Tony Kouzarides - Overview

Many transcriptional regulators are found de-regulated in cancer. Our group is interested in defining the mechanisms by which such transcription factors function during normal cell proliferation and in cancer. Our attention is focused on a set of enzymes which modify histones and regulate transcription via chromatin remodelling. We would like to understand how, mechanistically, these modifications affect transcription, the biological role of histone modifying enzymes and their potential involvement in cancer.
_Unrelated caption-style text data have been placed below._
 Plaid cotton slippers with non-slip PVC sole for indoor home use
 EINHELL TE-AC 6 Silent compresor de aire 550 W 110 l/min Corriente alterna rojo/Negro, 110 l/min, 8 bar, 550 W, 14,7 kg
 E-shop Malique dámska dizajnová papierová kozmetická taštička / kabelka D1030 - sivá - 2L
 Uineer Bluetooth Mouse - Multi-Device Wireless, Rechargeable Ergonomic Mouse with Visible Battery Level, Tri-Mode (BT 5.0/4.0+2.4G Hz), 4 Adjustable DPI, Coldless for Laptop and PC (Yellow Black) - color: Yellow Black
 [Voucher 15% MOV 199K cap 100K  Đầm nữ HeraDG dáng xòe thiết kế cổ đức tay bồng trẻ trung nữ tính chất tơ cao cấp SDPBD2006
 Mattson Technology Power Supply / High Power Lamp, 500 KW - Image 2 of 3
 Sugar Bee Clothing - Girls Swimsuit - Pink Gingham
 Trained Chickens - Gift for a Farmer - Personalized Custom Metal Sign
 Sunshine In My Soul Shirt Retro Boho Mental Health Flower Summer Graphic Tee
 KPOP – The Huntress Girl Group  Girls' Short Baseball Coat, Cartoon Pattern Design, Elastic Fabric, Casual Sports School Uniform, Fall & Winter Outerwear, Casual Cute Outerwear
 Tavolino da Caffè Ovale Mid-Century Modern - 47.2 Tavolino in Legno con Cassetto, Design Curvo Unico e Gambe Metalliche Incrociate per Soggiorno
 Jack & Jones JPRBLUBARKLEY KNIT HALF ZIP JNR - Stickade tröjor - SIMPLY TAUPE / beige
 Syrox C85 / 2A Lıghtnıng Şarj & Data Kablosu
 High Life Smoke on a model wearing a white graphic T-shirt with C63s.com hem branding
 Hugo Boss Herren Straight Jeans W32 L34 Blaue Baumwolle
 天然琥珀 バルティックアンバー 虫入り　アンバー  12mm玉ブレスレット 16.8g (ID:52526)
Recently, we have focused on the process of histone methylation, which can occur on specific lysine or arginine residues. We have studied extensively methylation of lysine 9 of histone H3. This methylation leads to the transcriptional silencing of genes found in heterochromatin, and of cell cycle genes regulated by the Retinoblastoma (RB) repressor. Lysine 9 methylation mediates silencing by recruiting the repressor protein, HP1.

In contrast to methylation of lysine 9, methylation of lysine 4 on histone H3 is activatory for transcription. We have identified the enzymes in yeast that mediate methylation at lysine 4 and are now characterising their mammalian equivalents. We can show that lysine 4 methylation prevents the association of histones with Deacetylases, a process which would otherwise lead to repression.

A distinct set of enzymes methylate arginines. We have characterised one such methylase, CARM1, which is a regulation of nuclear hormone receptors. Our data show that CARM1 methylates arginine 17 of histone H3 in vivo and that this modification is deposited on histones when estrogen receptor-regulated genes are active.